This film tells the story of Merida, a headstrong young princess. At the start of the film, we see a young Merida who is delighted with her father's gift of a cross bow for her birthday, much to her mother's dismay. As the film jumps forward to the teenage Merida, we find that not much has changed. Her mother is still disappointed with her behaviour and Merida is as headstrong as ever. When she discovers she is to be betrothed, she is horrified. Against her will, Merida is forced to watch the Highland Games, where the first born of allied clans compete to win Merida's hand in marriage.
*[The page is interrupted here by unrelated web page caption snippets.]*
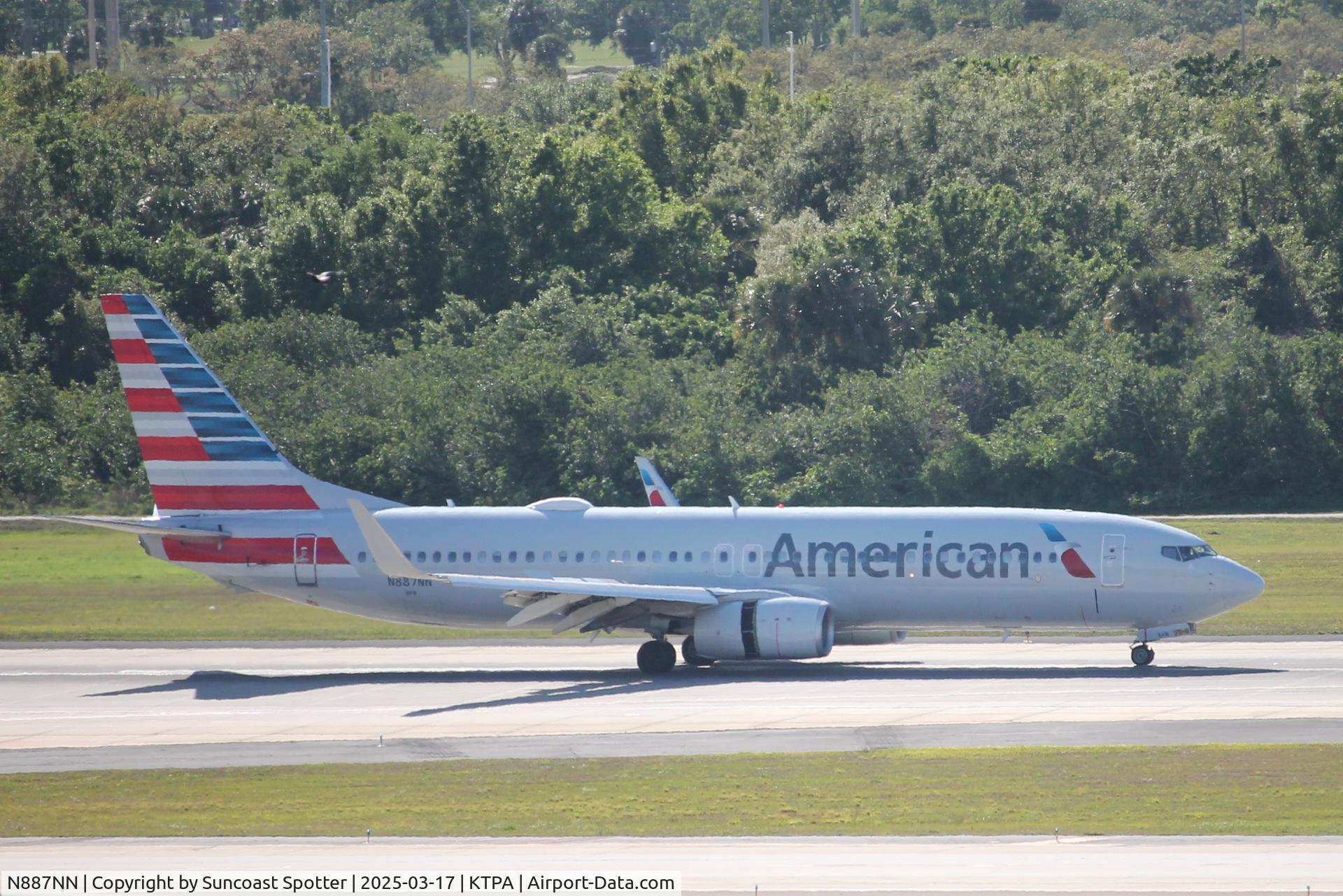 N887NN, 2012 Boeing 737-823 C/N 31141, American Flight 3045 arrives at Tampa International Airport following flight from Chicago-O’Hare International Airport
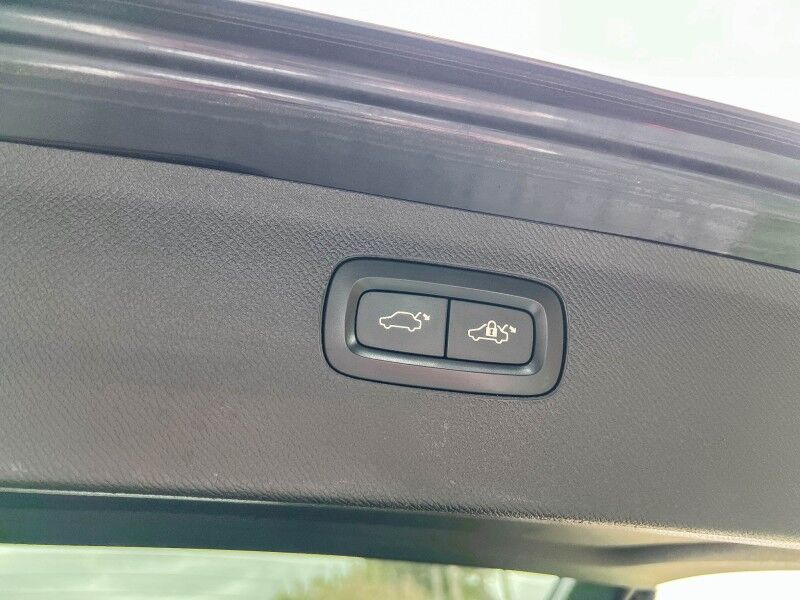 2016 Volvo XC90 T6 Momentum Wilmington NC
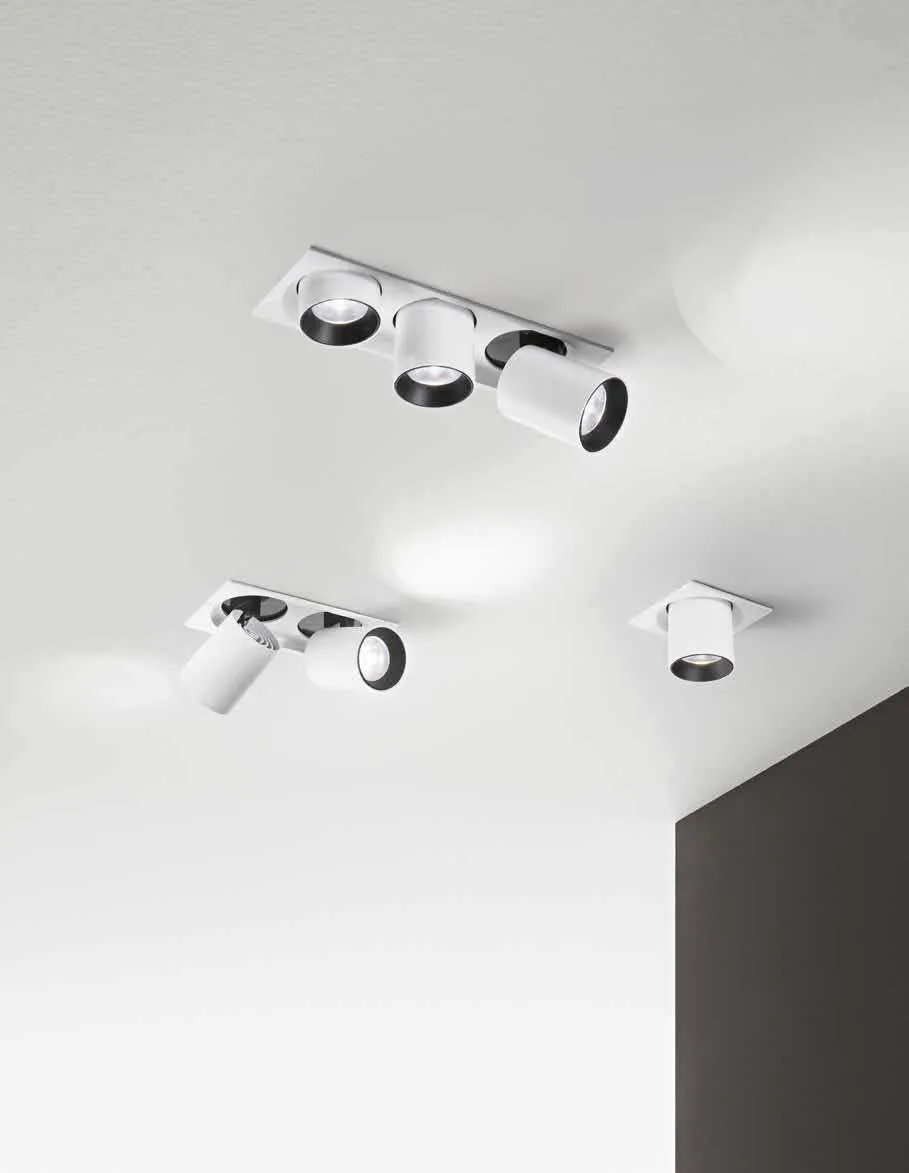 Faretti da incasso Outsider Fan Europe doppio e singolo a soffitto bianco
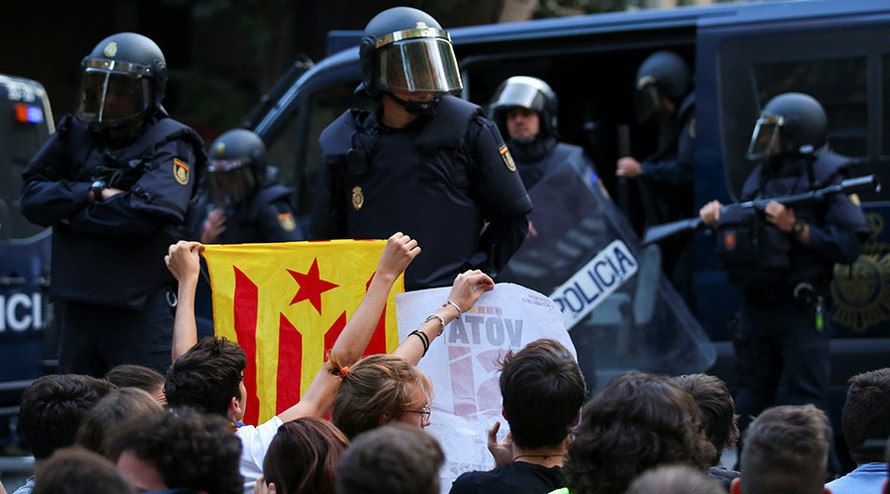 Cảnh sát Tây Ban Nha đàn áp người Catalan trong cuộc trưng cầu dân ý hôm 1/10. Ảnh: Reuters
Twisting the rules, and as the first born of the Dunbroch clan, she decides that she can compete for her own hand, and choosing archery as the game, she is successful against the other suitors, much to their shame.
After an argument with her mother, where Merida uses her sword to tear the family tapestry, Merida flees on her horse Angus. While in the forest, she meets an old witch who gives Merida a cake that will change her mother's mind. The witch does mention side effects, but Merida is already away. After giving Elinor the cake, Merida is horrified when she sees her mother transformed into a bear. Trying to track down the witch, they discover that she has disappeared, but has left a message - that unless Merida can "mend the bond torn by pride" before the second sunrise, the spell will become permanent. Merida thinks the witch means the torn tapestry, but is it really that simple?
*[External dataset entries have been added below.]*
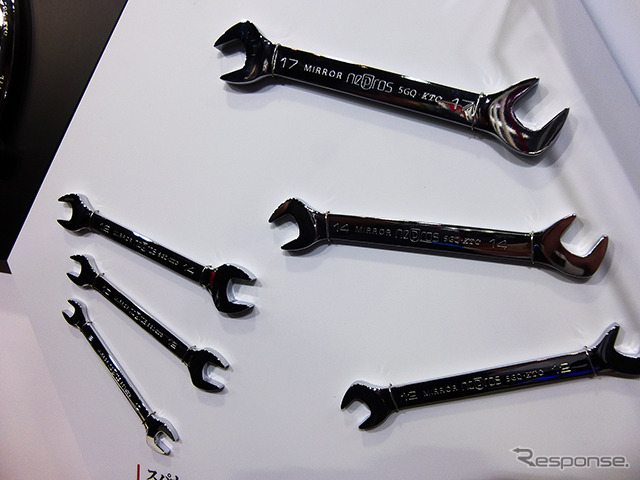 『魅せる!“KTC WORLD”~華やかに煌びやかに美しく~』をコンセプトに、特別カラーの工具ケースや90枚ギアのラチェットを展示した京都機械工具(東京オートサロン2015/幕張メッセ)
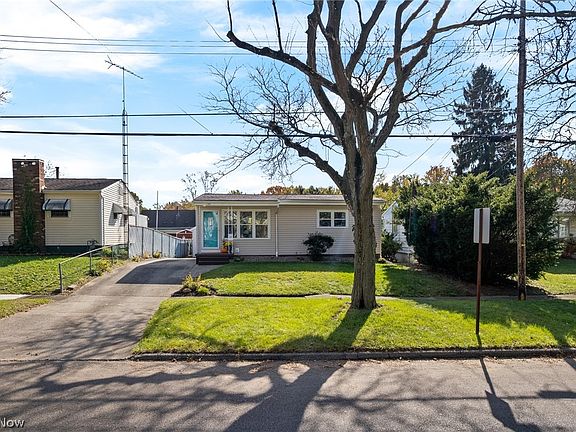 2nd image of 1160 Carnegie Ave
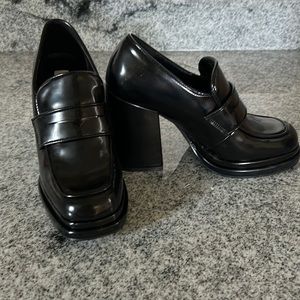 NEVER BEEN WORN Steve Madden heels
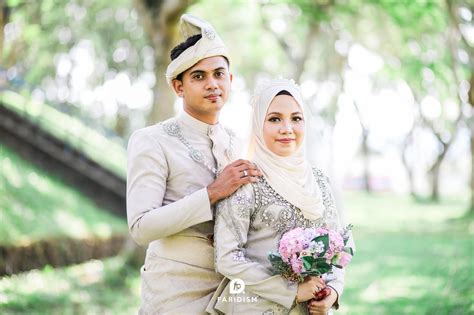 Fatin nur afifah shamsudin (lahir 13 julai 1994) merupakan seorang pelakon, model dan penyanyi wanita malaysia. Rasydan Ikmal & Nur Syazwani | August 31, 2019 | Faridism ...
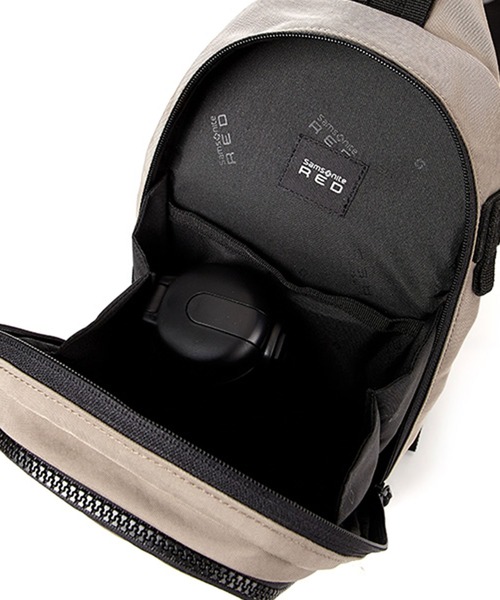 Samsonite(サムソナイト)の「サムソナイトレッド MARSTON 3 スリングバッグ(ボディバッグ/ウエストポーチ・メンズ・ブラウン/ブラック・ONE SIZE)」の18枚目の写真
I really enjoyed this film, as there is a real emotional rollercoaster through this film, but it is also a lovely story. I also thought the animation was amazing - in some places it looked so realistic. The film also had that typical Pixar style of both making you laugh, but also pulling on your heart strings.
It does tell an important story as well, that of communication, and also love.
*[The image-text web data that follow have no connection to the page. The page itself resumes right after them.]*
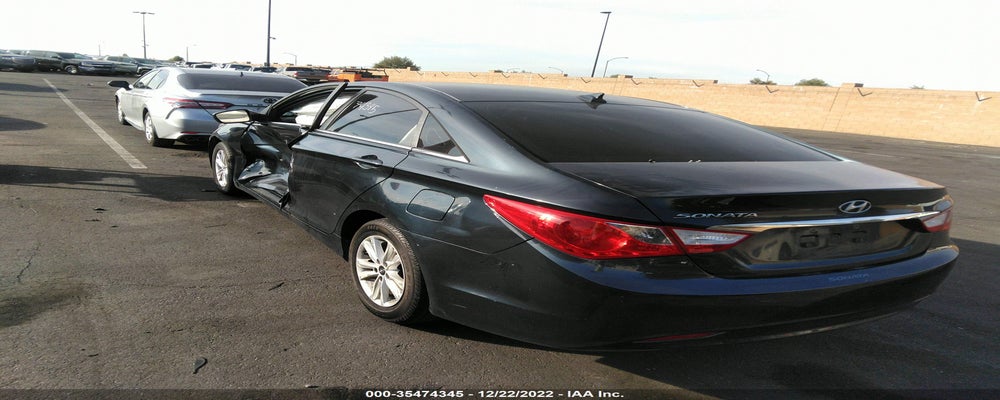 5NPEB4ACXCH427645 2012 HYUNDAI SONATA photo no. 3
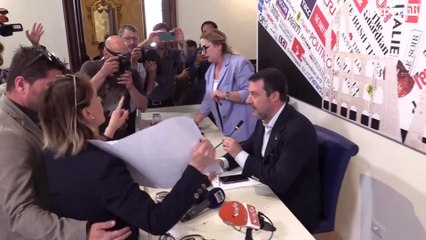 El vicepresidente italiano Salvini responde "haz el amor, no te hagas porros" a una activista que interrumpe una rueda de prensa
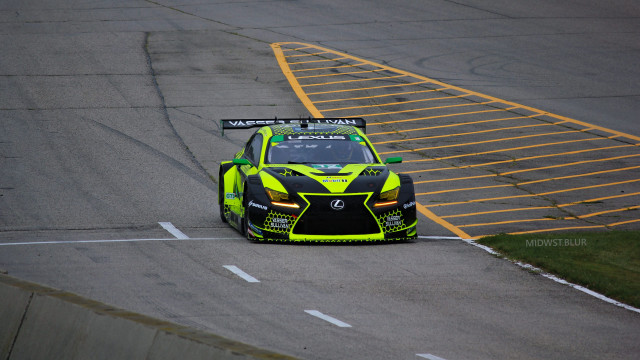 Car race track yellow line free wallpaper for desktop - medium preview image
I can see how this film would appeal to both children and adults. There are humourous touches that would appeal more to children, and there is also the storyline that would appeal to adults. The main character is more believable than the Disney princesses and is a strong female character, something that I feel is lacking in some films nowadays. She is hotheaded, strong, but when it comes down to it, she can show real love for her family.
I feel that not only does this film have a lovely story; it has an important one too. While a little extreme in some places, it shows that while teenagers think they are always right, quite often parents know best and want what is best for us. Another thing that is apparent from this film is the love and protective nature of a mother for her children - love that doesn't waver even when you accidently turn your mother into a bear (like I said, slightly extreme!). Brenda Chapman, who wrote and directed the film, did draw inspiration for this story from the relationship between her and her own daughter. It also shows the importance of communication in relationships of any kind, something I could learn from myself if I'm honest!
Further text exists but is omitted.